Top of Data for processing

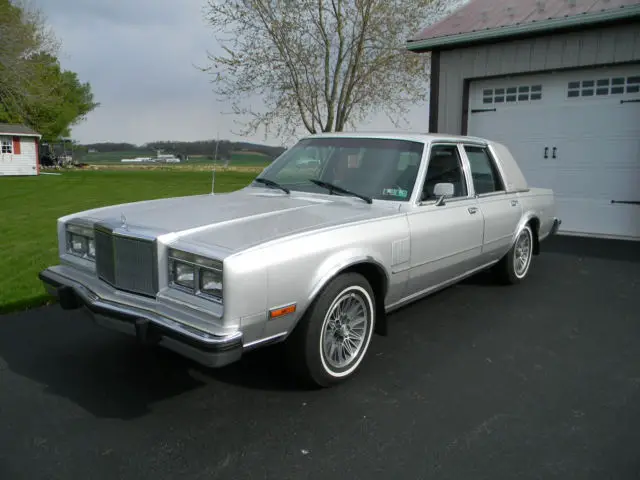 19850000 Chrysler New Yorker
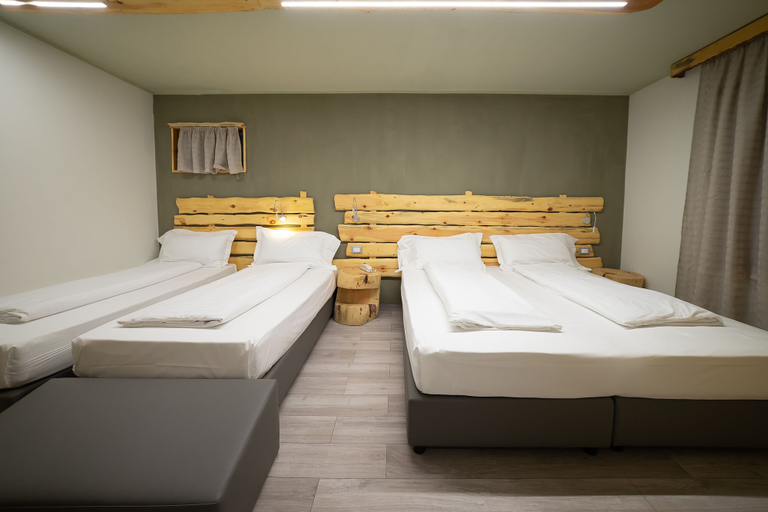 Bedroom 5, Chalet Margoni, Trento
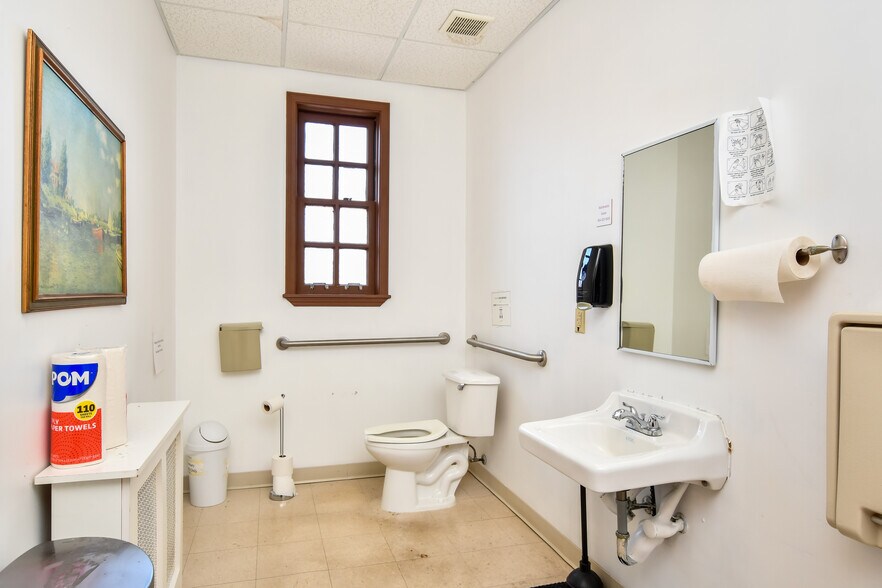 More Photos Of 429 N Main St, Greenville Office Residential For Sale
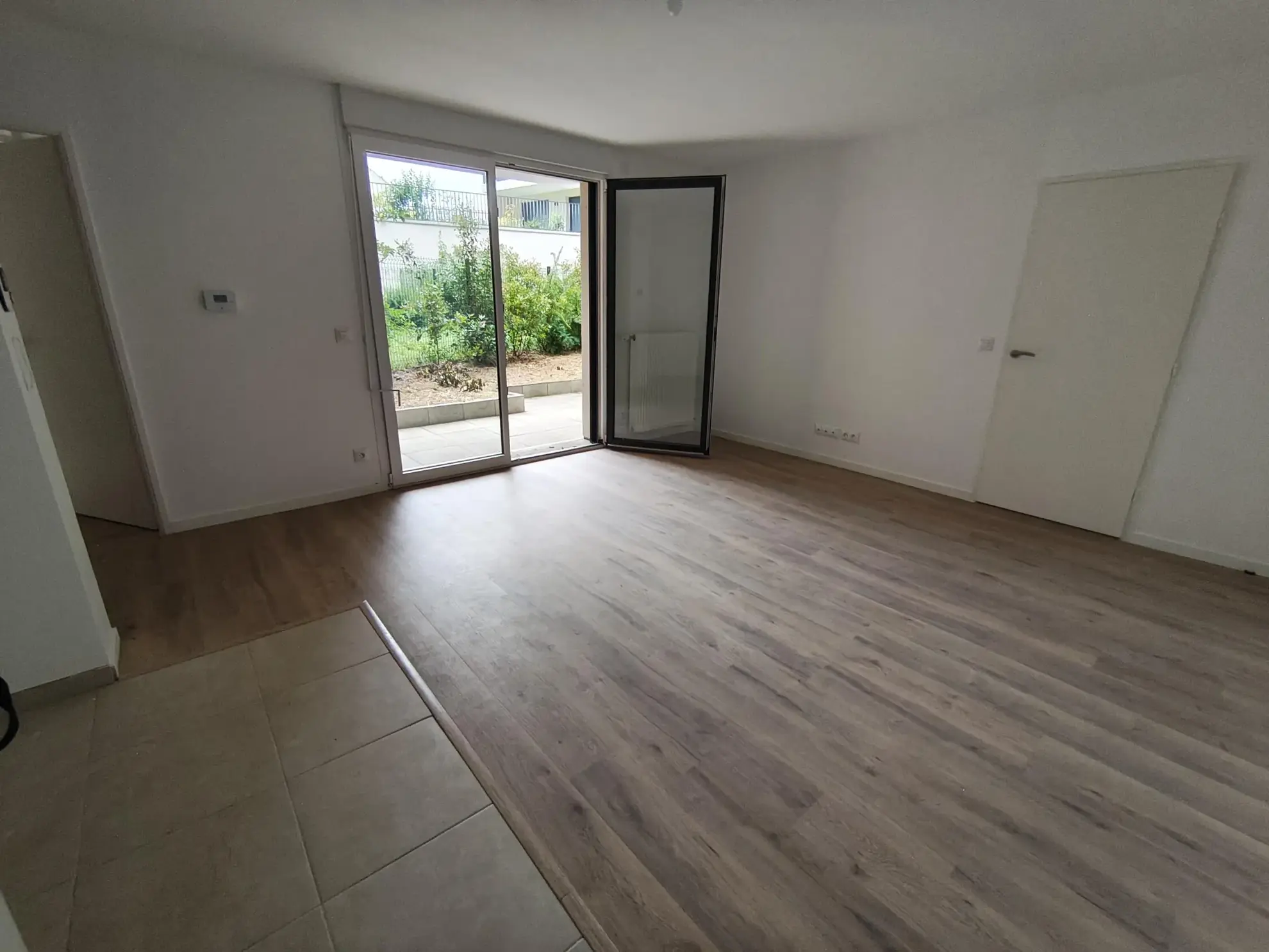 À vendre appartement neuf 3 pièces avec terrasse et jardin à Bois d'Arcy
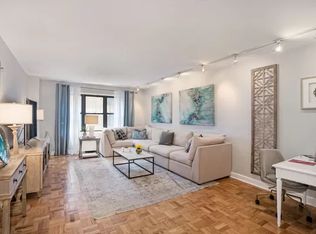301 E 48th St APT 4J, Manhattan, NY 10017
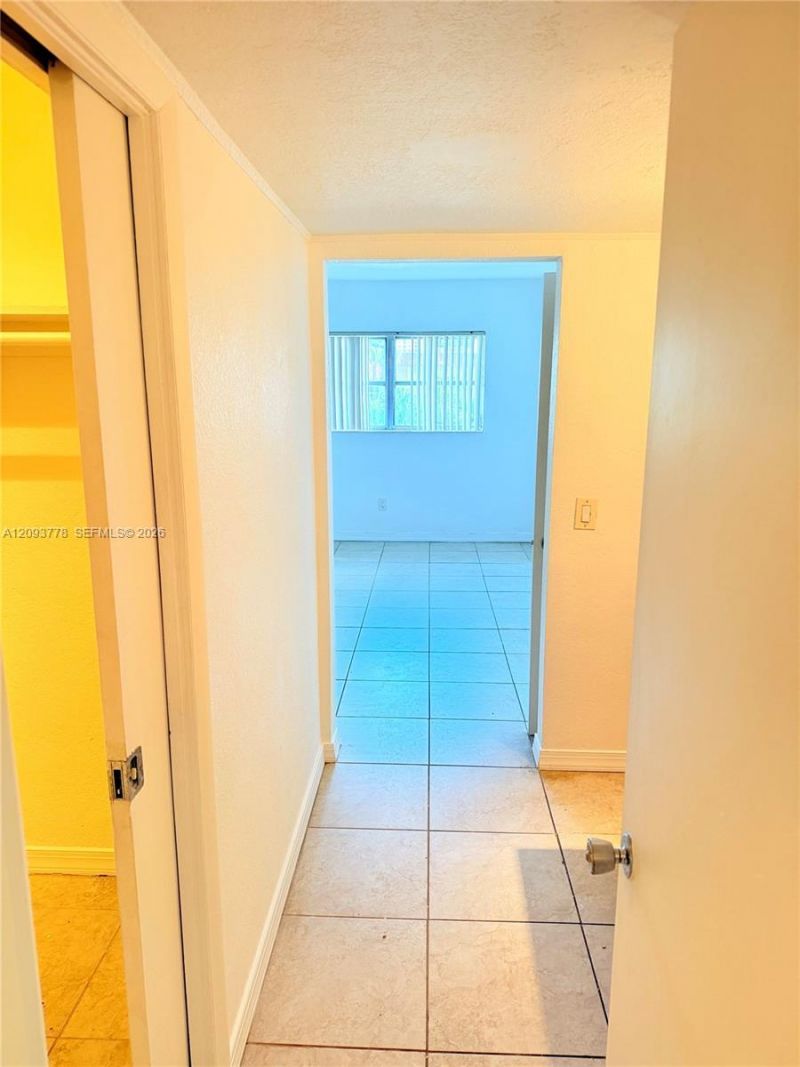 7505 SW 82nd St , Unit 305, Miami, FL 33143 Photo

Bottom of Data for processing

What you should do: Output the lines, exactly: the first line of the entries above, every line after it, and the line with "301 E 48th St APT 4J, Manhattan, NY 10017" as the last. No pictures.

Output for this exercise:
 19850000 Chrysler New Yorker
 Bedroom 5, Chalet Margoni, Trento
 More Photos Of 429 N Main St, Greenville Office Residential For Sale
 À vendre appartement neuf 3 pièces avec terrasse et jardin à Bois d'Arcy
301 E 48th St APT 4J, Manhattan, NY 10017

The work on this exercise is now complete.